Top of Source material

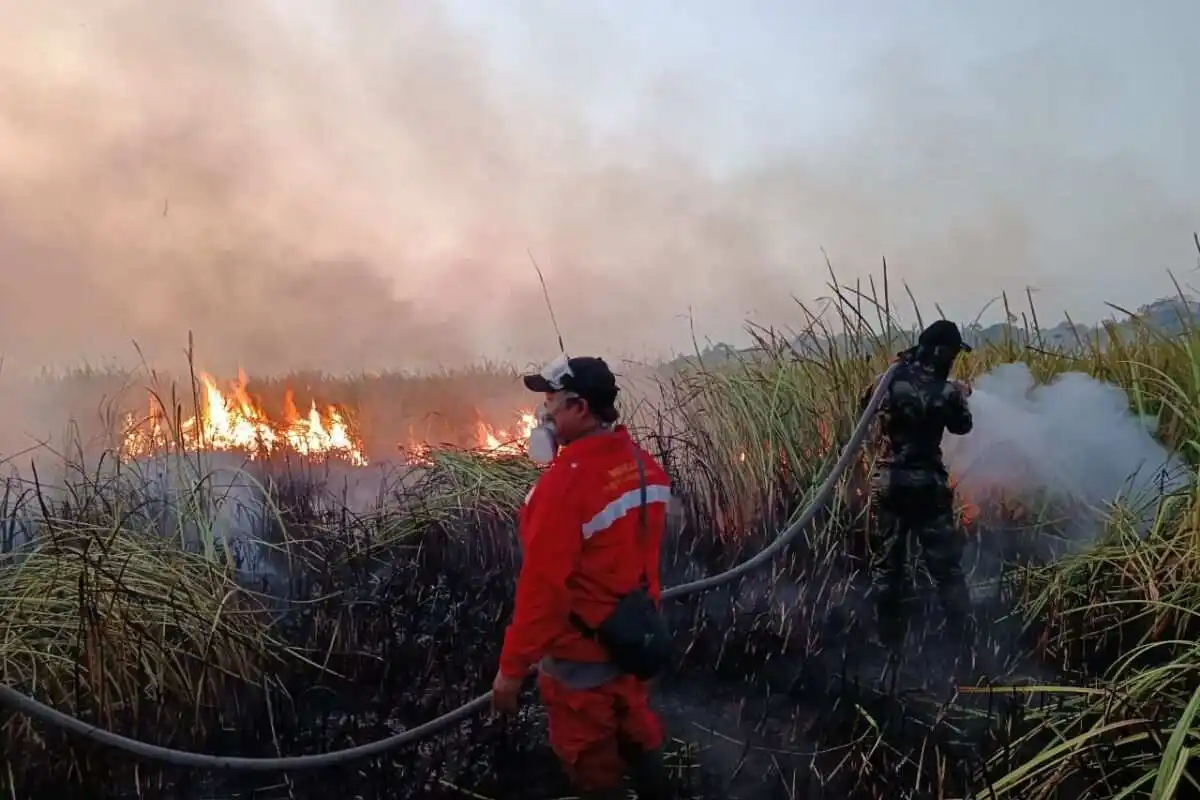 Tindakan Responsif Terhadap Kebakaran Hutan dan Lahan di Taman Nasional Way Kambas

Bottom of Source material
Top of Source material

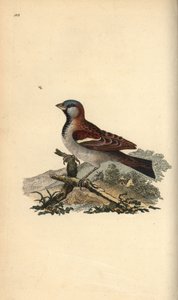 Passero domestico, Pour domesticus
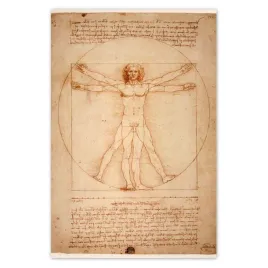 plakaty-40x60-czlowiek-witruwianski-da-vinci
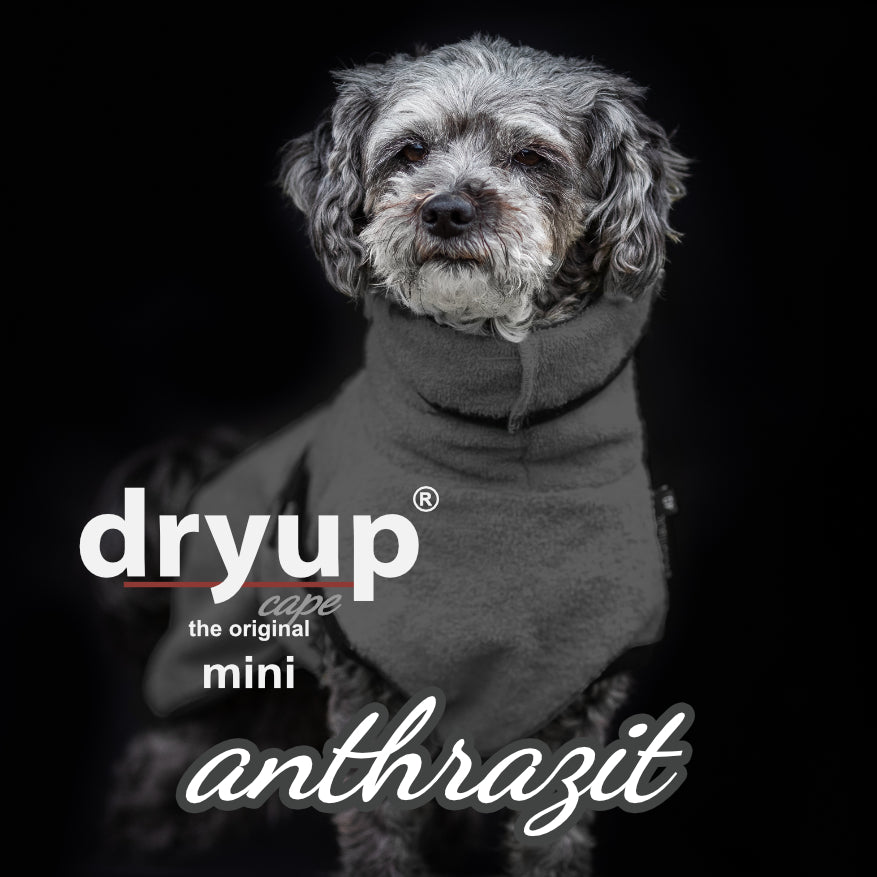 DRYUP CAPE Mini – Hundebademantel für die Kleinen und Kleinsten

Bottom of Source material

◆ Your instructions ◆
Only the lines above starting with the line with "Passero domestico, Pour domesticus" and going on through the line with "DRYUP CAPE Mini" belong in the answer; repeat them exactly, minus any picture.

◆ Answer ◆
 Passero domestico, Pour domesticus
 plakaty-40x60-czlowiek-witruwianski-da-vinci
 DRYUP CAPE Mini – Hundebademantel für die Kleinen und Kleinsten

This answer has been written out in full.